The GDPR also requires certain mandatory terms to be included in a contract between a controller and processor such as requiring a processor to only process data on the documented instructions of the controller, to sub-contract only with the controller’s prior consent, to ensure that the processor’s staff are committed to confidentiality and to assist the controller in complying with its data breach notification obligations as well as the rights of individuals.
12. Increased Penalties
The penalties for non-compliance with the GDPR have been increased. For example, businesses can be fined up to €20 million or 4% of annual global turnover whichever is the greater for offences such as not having sufficient consent from individuals for processing their personal data or for violation of the basic principles for processing (namely personal data is processed lawfully, fairly and in a transparent manner; is collected for a specified, explicit and legitimate purpose; is adequate, relevant and limited to what is necessary for the purpose; is accurate and kept up to date; is kept for no longer than is necessary; and is kept secure).
Businesses can also be fined up to €10 million or 2% of annual global turnover whichever is the greater for offences such as not conducting a DPIA, not having their records in order or not notifying the supervising authority about a breach.
The above penalties apply irrespective of whether businesses are controllers or processors.
13. Ability to appoint a Lead Supervisory Authority (LSA)
Enforcement of the GDPR is the responsibility of the DPA (in Ireland this is currently the Data Protection Commissioner until it is replaced by the (yet to be established) Data Protection Commission). Each Member State will appoint one or more independent public authorities to be responsible for monitoring the application of the GDPR. Businesses must cooperate with the DPA on request.

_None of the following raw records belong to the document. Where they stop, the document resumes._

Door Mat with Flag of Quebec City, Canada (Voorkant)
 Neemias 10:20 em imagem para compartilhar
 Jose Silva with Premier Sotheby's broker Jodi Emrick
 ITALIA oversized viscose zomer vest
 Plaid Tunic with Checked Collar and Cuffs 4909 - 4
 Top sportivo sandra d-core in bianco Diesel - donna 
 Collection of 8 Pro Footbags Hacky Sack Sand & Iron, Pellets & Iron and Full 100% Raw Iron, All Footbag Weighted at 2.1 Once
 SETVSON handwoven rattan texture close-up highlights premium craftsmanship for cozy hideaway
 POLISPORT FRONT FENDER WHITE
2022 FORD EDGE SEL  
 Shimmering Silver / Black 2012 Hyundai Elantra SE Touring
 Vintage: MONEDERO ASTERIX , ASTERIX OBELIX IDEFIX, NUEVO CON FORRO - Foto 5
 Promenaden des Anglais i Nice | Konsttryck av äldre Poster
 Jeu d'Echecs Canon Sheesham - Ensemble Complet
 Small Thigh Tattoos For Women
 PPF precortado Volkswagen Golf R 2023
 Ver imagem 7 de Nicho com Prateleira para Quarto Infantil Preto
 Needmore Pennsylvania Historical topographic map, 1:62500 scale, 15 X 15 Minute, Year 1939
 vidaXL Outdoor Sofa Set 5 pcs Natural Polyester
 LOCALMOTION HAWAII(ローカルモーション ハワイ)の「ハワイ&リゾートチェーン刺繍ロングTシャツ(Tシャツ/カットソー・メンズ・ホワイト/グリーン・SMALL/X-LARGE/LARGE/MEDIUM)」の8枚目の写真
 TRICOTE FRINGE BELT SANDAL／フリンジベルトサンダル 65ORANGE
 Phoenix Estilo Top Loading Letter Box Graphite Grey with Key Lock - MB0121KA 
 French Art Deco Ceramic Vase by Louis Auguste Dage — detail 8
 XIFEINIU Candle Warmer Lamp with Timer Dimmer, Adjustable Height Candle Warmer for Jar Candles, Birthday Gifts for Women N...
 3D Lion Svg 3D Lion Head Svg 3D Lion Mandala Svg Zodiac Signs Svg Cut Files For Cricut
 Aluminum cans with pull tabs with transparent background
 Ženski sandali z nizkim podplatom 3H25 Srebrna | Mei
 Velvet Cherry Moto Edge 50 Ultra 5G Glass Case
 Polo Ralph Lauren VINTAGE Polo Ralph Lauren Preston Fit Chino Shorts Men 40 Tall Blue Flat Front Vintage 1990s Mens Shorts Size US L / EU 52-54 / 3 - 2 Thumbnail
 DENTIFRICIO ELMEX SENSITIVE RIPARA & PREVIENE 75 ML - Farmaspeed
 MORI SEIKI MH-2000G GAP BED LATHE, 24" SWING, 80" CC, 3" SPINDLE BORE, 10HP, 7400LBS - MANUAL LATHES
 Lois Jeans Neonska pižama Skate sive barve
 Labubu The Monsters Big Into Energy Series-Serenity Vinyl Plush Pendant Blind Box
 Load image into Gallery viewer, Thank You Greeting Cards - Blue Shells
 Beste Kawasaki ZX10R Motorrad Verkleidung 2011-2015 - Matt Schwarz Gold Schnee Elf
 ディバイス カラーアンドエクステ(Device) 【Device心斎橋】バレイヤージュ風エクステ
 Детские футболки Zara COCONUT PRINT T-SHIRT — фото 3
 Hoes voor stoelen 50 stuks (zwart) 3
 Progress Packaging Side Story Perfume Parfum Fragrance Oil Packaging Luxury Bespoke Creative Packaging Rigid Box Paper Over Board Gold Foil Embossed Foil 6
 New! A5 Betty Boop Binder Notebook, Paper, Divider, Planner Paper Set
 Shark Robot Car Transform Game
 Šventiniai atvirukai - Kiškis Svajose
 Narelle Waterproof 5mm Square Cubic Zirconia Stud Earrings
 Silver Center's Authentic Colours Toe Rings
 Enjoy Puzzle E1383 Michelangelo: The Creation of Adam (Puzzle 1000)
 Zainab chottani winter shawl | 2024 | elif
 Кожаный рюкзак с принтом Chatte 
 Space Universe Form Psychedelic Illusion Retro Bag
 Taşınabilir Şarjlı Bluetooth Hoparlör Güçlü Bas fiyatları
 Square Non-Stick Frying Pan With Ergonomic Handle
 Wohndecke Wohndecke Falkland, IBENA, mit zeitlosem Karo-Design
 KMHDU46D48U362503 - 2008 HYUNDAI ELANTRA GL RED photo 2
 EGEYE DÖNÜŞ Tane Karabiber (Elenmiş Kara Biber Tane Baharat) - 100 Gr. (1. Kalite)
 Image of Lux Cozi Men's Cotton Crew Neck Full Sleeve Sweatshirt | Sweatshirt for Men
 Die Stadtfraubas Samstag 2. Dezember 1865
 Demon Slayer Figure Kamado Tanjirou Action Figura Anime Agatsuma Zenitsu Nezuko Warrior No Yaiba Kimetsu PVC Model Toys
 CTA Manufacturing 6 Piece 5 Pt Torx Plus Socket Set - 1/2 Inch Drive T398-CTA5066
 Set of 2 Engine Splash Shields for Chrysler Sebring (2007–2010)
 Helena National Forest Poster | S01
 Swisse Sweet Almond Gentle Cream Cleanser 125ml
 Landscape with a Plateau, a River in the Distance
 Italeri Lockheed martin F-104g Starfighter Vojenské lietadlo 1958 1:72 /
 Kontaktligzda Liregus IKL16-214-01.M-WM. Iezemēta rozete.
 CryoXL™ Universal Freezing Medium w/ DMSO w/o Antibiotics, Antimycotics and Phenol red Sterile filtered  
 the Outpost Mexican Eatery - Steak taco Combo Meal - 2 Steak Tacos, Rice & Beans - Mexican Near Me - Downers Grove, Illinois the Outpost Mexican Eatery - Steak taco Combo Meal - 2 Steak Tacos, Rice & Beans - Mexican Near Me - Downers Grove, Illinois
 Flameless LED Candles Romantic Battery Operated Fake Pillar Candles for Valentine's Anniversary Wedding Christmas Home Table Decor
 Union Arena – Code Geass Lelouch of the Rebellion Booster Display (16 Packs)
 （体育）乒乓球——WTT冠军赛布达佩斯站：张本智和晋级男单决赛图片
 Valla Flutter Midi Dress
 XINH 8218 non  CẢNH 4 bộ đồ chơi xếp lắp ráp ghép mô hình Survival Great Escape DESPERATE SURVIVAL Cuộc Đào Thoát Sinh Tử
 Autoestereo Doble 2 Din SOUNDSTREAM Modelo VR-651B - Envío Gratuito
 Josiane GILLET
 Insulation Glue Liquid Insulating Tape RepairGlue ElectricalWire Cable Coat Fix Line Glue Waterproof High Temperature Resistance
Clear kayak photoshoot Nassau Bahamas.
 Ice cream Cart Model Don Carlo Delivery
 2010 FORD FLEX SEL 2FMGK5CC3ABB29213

Businesses that operate in more than one Member State should appoint the LSA which will have the primary responsibility for dealing with queries and complaints regarding cross-border processing. The LSA must be the DPA in the EU member state where the ‘main establishment’ of the business is located. Generally, the main establishment is the place of central administration of the business. However if the data protection decision-making occurs elsewhere in the EU, the establishment where such decision-making takes place is the main establishment.